Memory management in Python involves a private heap containing all
Python objects and data structures. The management of this private heap
is ensured internally by the _Python memory manager_.  The Python
memory manager has different components which deal with various dynamic
storage management aspects, like sharing, segmentation, preallocation
or caching.

At the lowest level, a raw memory allocator ensures that there is
enough room in the private heap for storing all Python-related data by
interacting with the memory manager of the operating system. On top of
the raw memory allocator, several object-specific allocators operate on
the same heap and implement distinct memory management policies adapted
to the peculiarities of every object type. For example, integer objects
are managed differently within the heap than strings, tuples or
dictionaries because integers imply different storage requirements and
speed/space tradeoffs.

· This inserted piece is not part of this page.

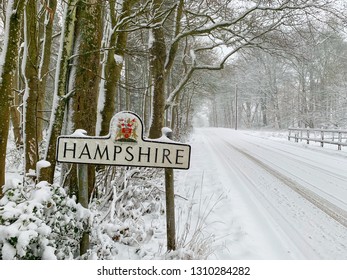 Hampshire Countryside Covered In Snow.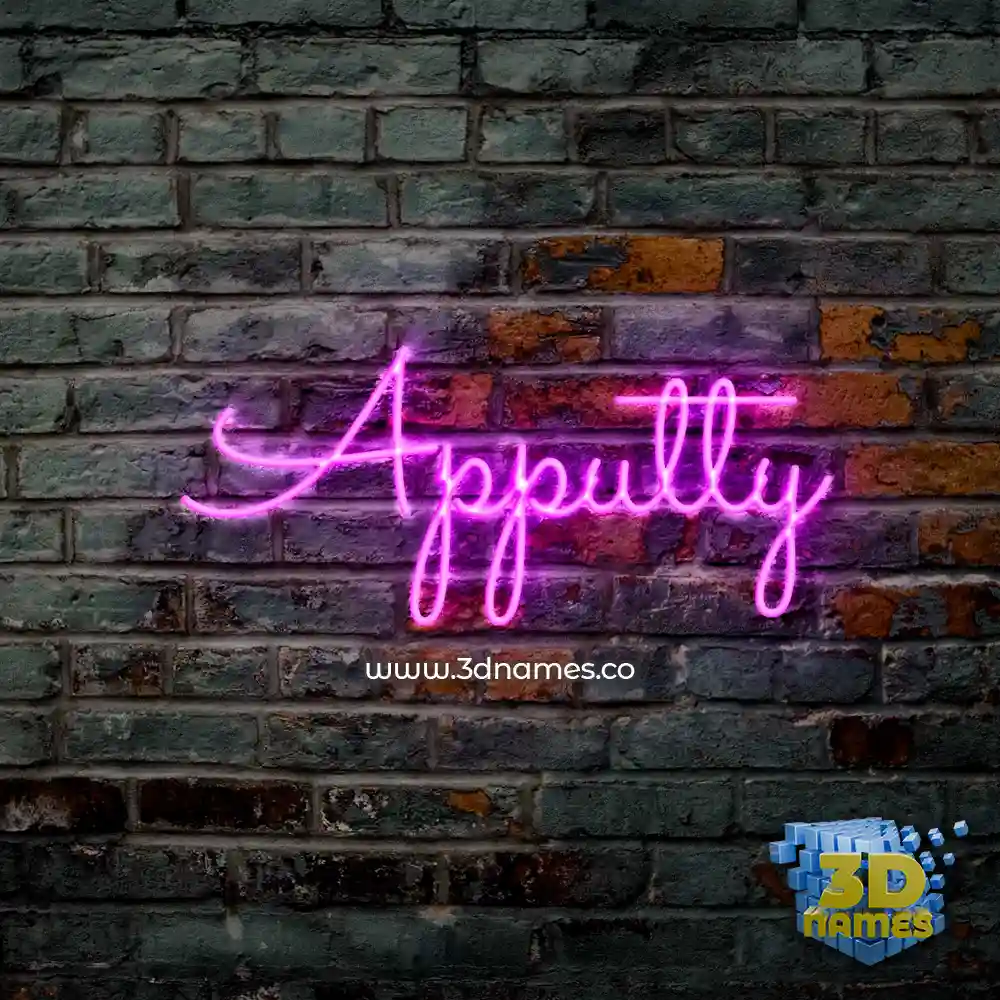 apputty in Pink Neon style - 3D name wallpaper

The Python memory manager thus delegates some of
the work to the object-specific allocators, but ensures that the latter
operate within the bounds of the private heap.

It is important to understand that the management of the Python heap is
performed by the interpreter itself and that the user has no control on
it, even if she regularly manipulates object pointers to memory blocks
inside that heap.  The allocation of heap space for Python objects and
other internal buffers is performed on demand by the Python memory
manager through the Python/C API functions listed in this document.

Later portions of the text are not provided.